Is that a phone in your hand – or a gun? This neural network reckons it has it all figured out
Real-time video search for weapons looking possible
Artificial intelligence has the potential to take over mundane, boring tasks such as driving, scheduling meetings and transcribing speech. Now there's another job that can be added to the list: detecting handguns in videos.
As the technology improves, it won't be long before police officers or security guards can jump straight to the scene they're interested in without having to rewind hours of footage to find the relevant part.
Researchers from the University of Granada in Spain have written a paper on training a convolutional neural network (CNN) to automatically detect firearms.
Surveillance companies have been interested in these sorts of capabilities for a while. Taser International, a major provider of police body cameras, acquired two computer vision companies earlier this year: Dextro and Fossil Group. These gobbled-up businesses are expected to help Taser produce software that can automatically search hours of video footage for particular things – presumably faces of known criminals, weapons, and that kind of thing.
Dextro claimed to be the first deep-learning biz to analyze live video in real time. Fossil Group focused on image and video processing. Both have been merged to create Axon AI – Taser's new AI arm.
It isn't clear how Axon AI will analyze huge swathes of data, but if it's planning to help cops look for weapons in body cam footage, it may be using an approach similar to that highlighted in the University of Granada's paper.
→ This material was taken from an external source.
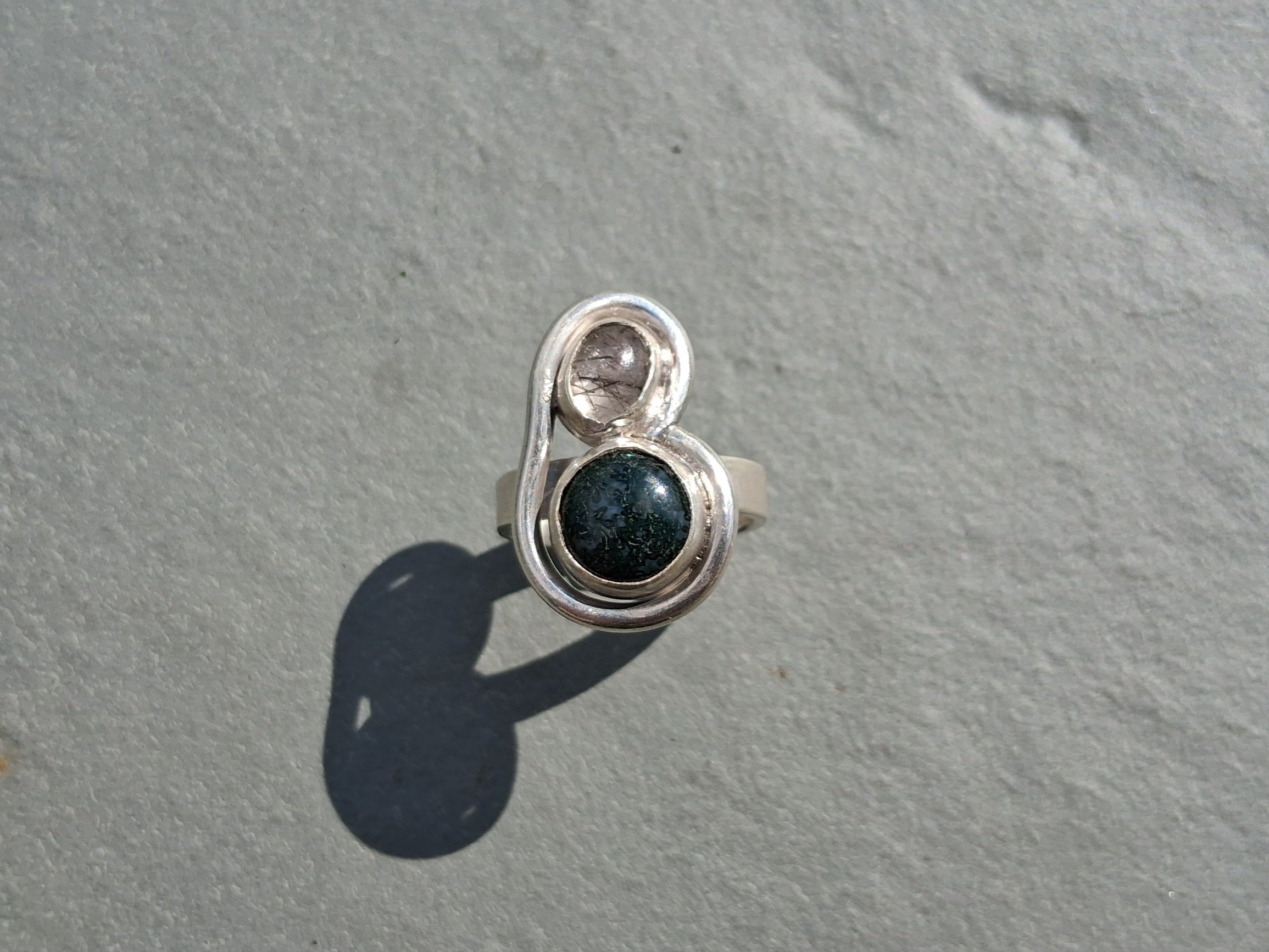 Tourmalinated quartz and moss agate ring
The research has the potential to be a nifty, highly sought-after bit of technology. Siham Tabik, lead author of the paper and assistant professor at the department of engineering at the University of Grenada, told The Register the team recently had a proposition from a company and are arranging to "meet and discuss it with them soon."
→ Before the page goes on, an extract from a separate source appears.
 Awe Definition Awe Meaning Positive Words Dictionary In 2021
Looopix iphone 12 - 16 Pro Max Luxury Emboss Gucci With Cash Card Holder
Freeze! Put your hands in the air
VGGNet, a large convolutional network built with 16 layers and which handles a whopping 144 million parameters, is trained as a classifier to recognize the common features of guns like their shape or color.
Only common types of handguns like revolvers, automatic and semi-automatic pistols, six-gun shooters, horse pistols and derringers were considered.
The best method uses the "region proposals approach," where researchers label the guns with a "bounding box" to highlight the location of the guns in each of the 3,000 images used for training. VGGNet can then search for a specific area to target its classifier algorithms without wasting computational power on any background pixels that aren't relevant to the gun.
The whole detection process for images of 1000 x 1000 pixels took only approximately 0.19 seconds – good enough to detect pistols in near real time, an important feature if it is to handle videos.
To increase the accuracy, the researchers wanted to minimize the detection of false positives – objects that at first glance appear to be guns but aren't. To do this, researchers fed the neural network thousands of images from different datasets to train the image to differentiate between guns and other objects such as mobile phones or pens.
Researchers then tested their model on seven selected Youtube videos. Most clips are scenes from popular 90s films such as The World is Not Enough, Pulp Fiction, Mission: Impossible – Rogue Nation and Mr Bean.
An example of accurate detection of four pistols in a video still
If the gun is highlighted by a box that reads over 50 per cent, it's considered a true positive – a gun was correctly identified. The detector provides very high precision for six out of the seven videos (above 60 per cent), and the number of false positives is low.
It's quite precise, correctly identifying guns 84.21 per cent of the time.
A closer inspection of the test videos shows the model is not quite sensitive enough to be used in real-life situations yet. It struggles when there is low contrast and brightness in the videos, or if the gun is moved very quickly, or if it is largely obscured by people's hands.
Image taken from Pulp Fiction. The model fails to detect two guns in the background (false negative)
Although the video clips are of low quality, the good performance suggests the method could be used for automatic pistol detection alarm systems, the paper said.
The researchers are looking to enhance the precision and robustness of their model by including frames where the guns are in motion to cope with rapid movement, and are also looking to expand to a wider range of guns.
In the future, police officers will be able to skip to the scene of the crime quickly without having to trawl through useless hours of CCTV footage. It may even keep people safer by preventing violence through early detection of weapons. ®